*Dataset records*.
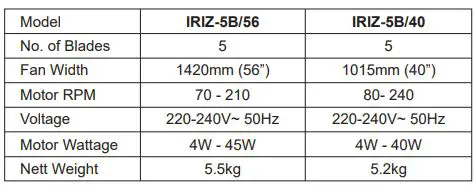 Vannus IRIZ-5B 56 Ceiling Fan - Technical Specifications 2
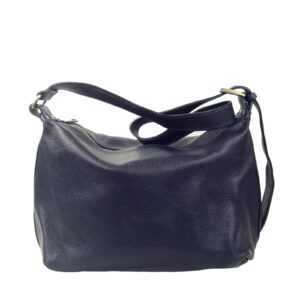 Sac cuir bandoulière femme Gaby bleu marine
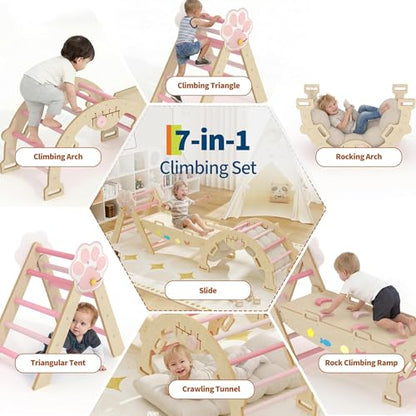 OUTLANE Pikler Triangle Set, 7-in-1 Foldable Wooden Toddler Climbing Toys Indoor, Jungle Gym for Toddlers, Large Montessori Climbing Set with Reversible Slide, Arch Ramp, Ladder & Cushion (Pink) - color: Pink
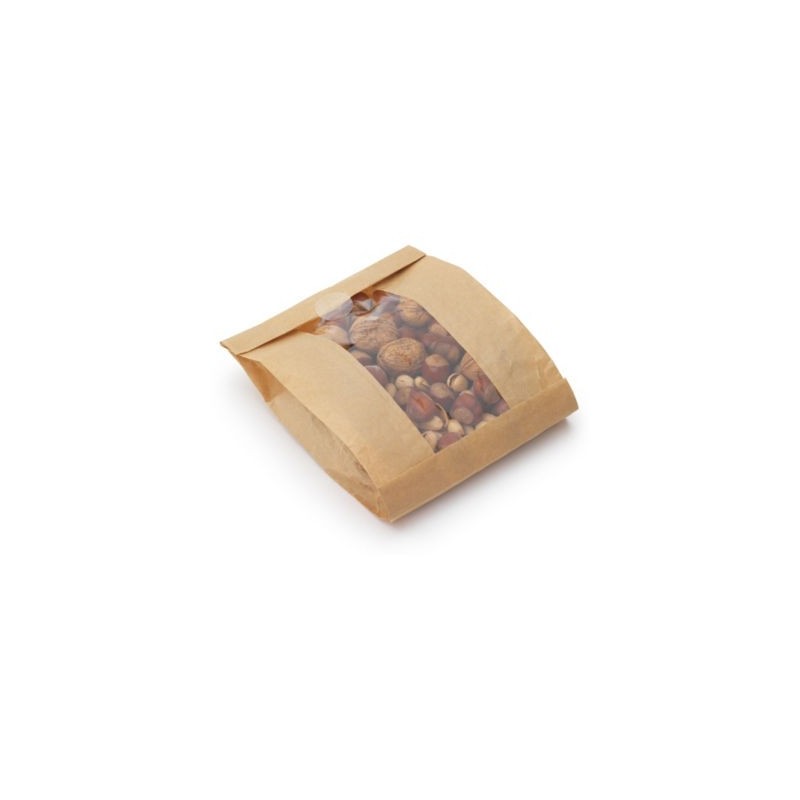 Sachet kraft avec fenêtre biodégradable - Paquet de 1000
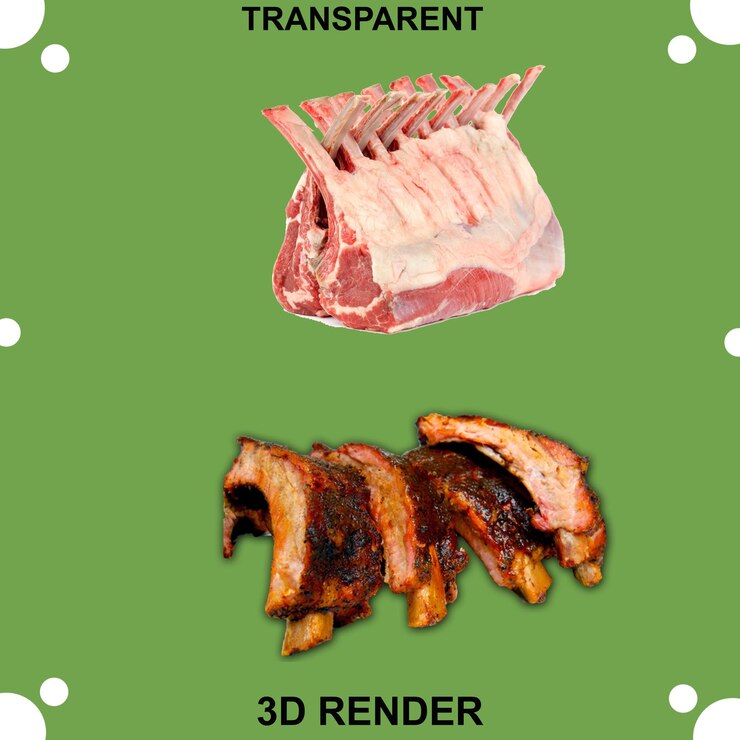 PSD carne assada de bovino de fundo transparente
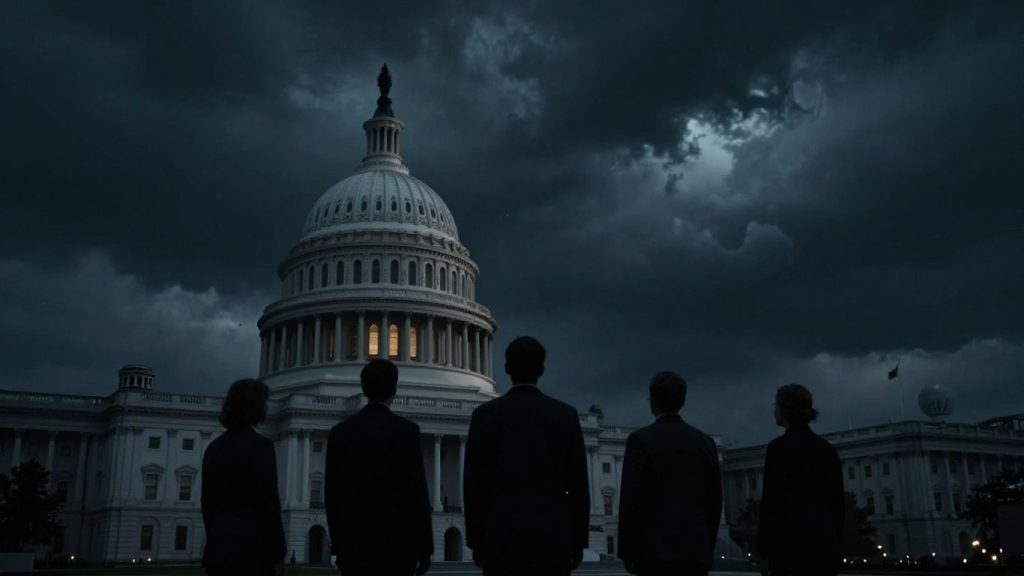 Congresul SUA și globul pământesc sub cer furtunos.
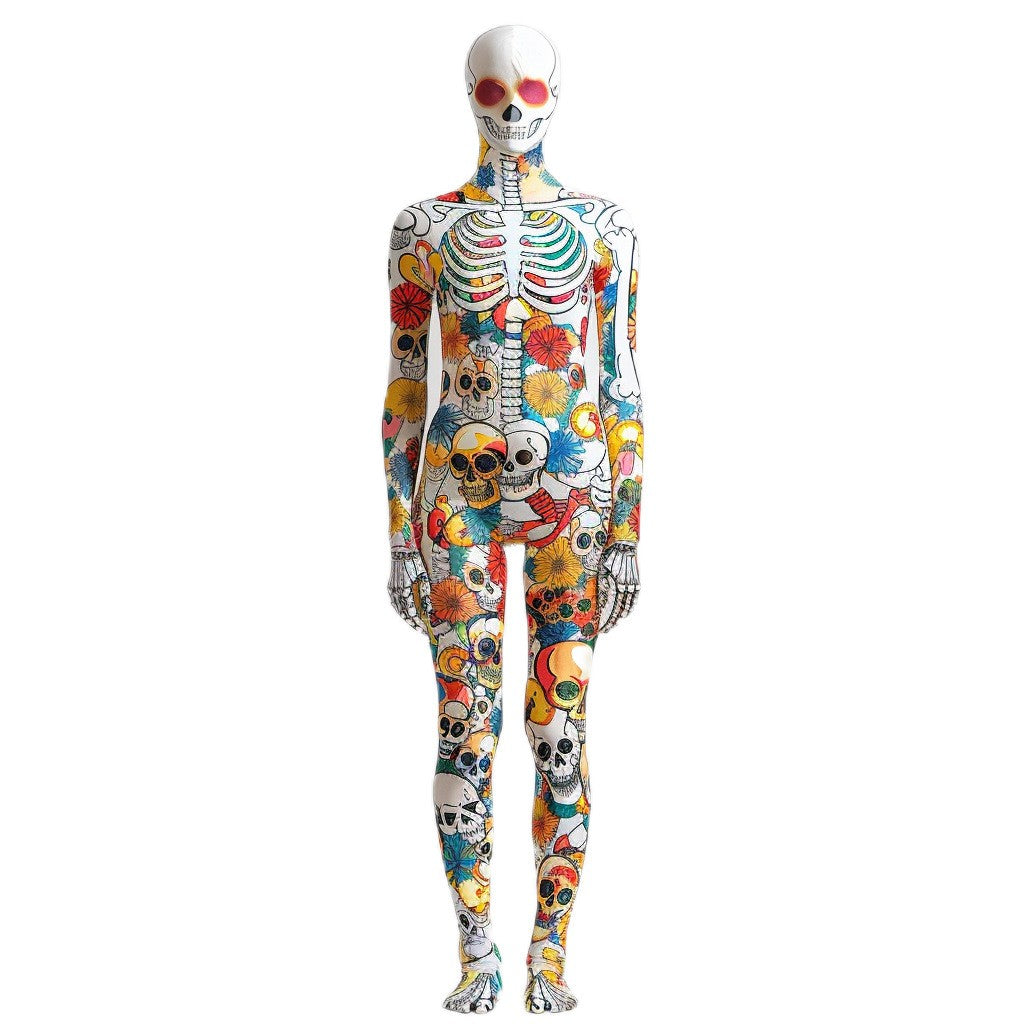 Adult Halloween Skeleton 3d Printing Holiday Party Cyberpunk Bodysuit And Mask Jumpsuit Skeleton Alien Cosplay Costume Bodysuit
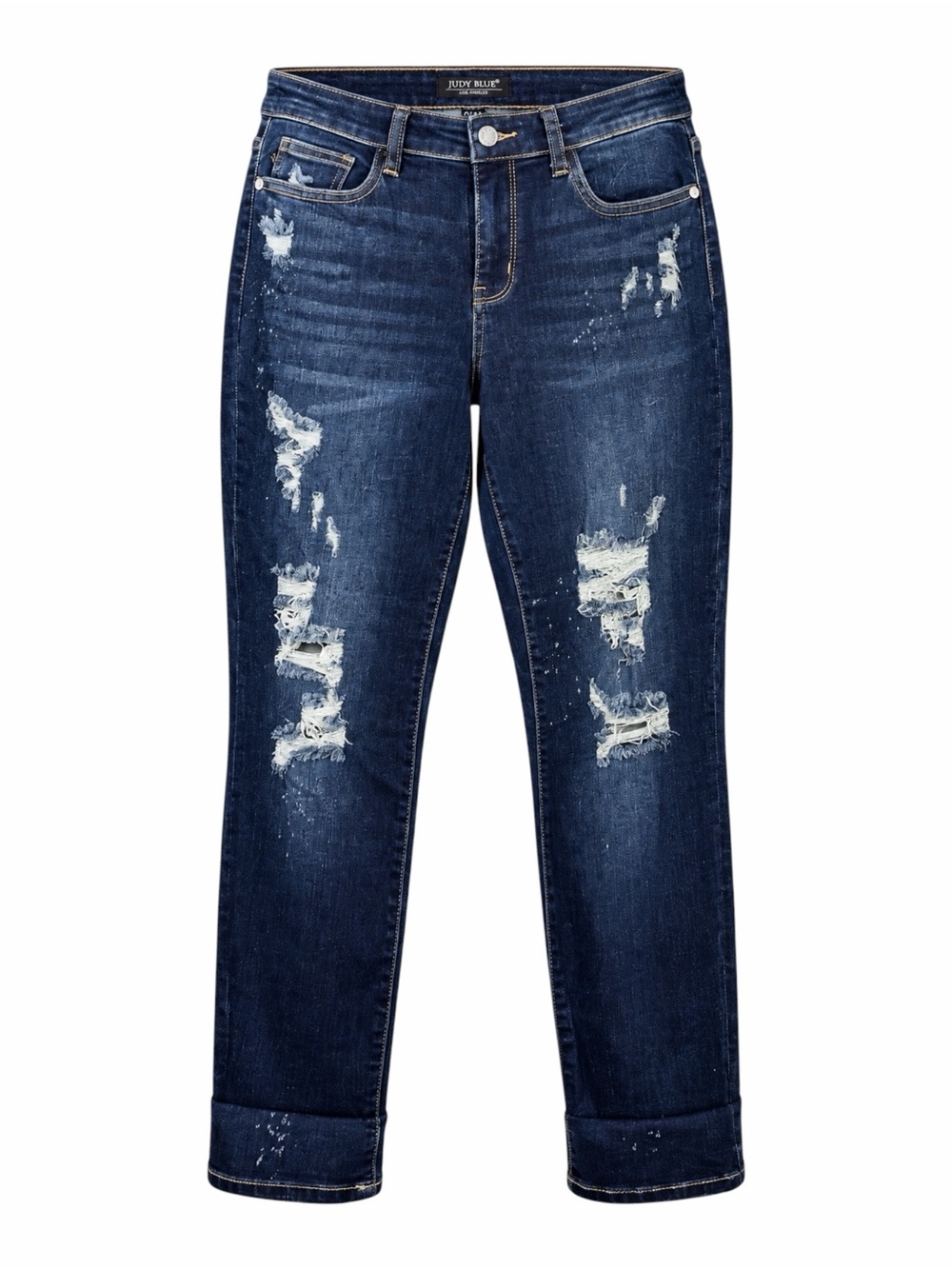 NWT Judy Blue Women's Dark Blue Distressed Boyfriend Jeans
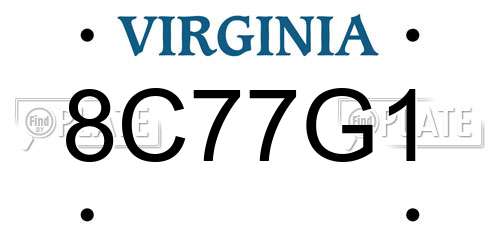 8C77G1 Virginia License Plate
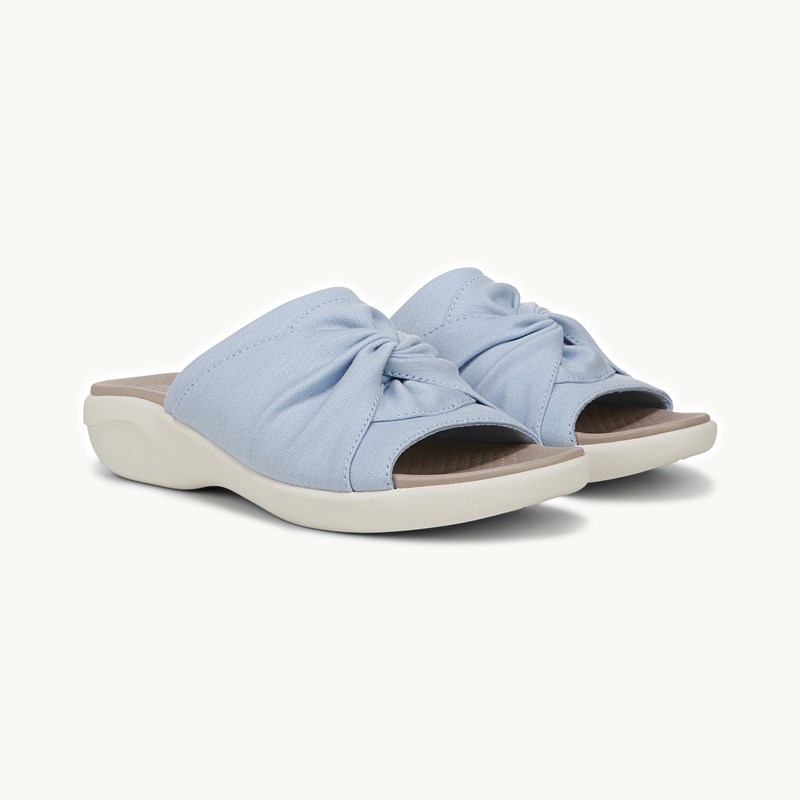 Bzees For LifeStride Shoes Cherish Slide Sandal (Skyway Blue Stretch Fabric) 7.5 W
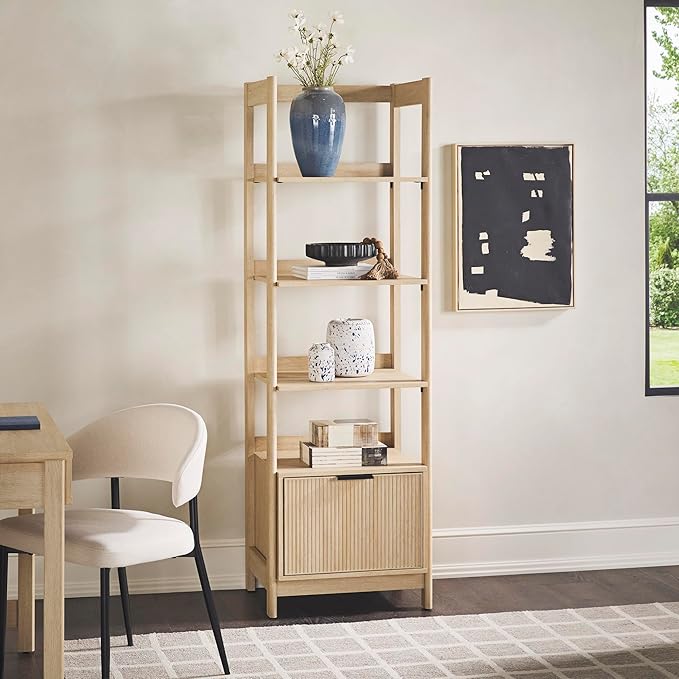 Walker Edison Modern Narrow Open Bookshelf Bottom, 22 Inch, One-Drawer Coastal Oak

*Problem statement*. Go back to the entries above and restate word for word every line from the first through the one that contains "OUTLANE Pikler Triangle", leaving the pictures behind.

*Response*.
 Vannus IRIZ-5B 56 Ceiling Fan - Technical Specifications 2
 Sac cuir bandoulière femme Gaby bleu marine
 OUTLANE Pikler Triangle Set, 7-in-1 Foldable Wooden Toddler Climbing Toys Indoor, Jungle Gym for Toddlers, Large Montessori Climbing Set with Reversible Slide, Arch Ramp, Ladder & Cushion (Pink) - color: Pink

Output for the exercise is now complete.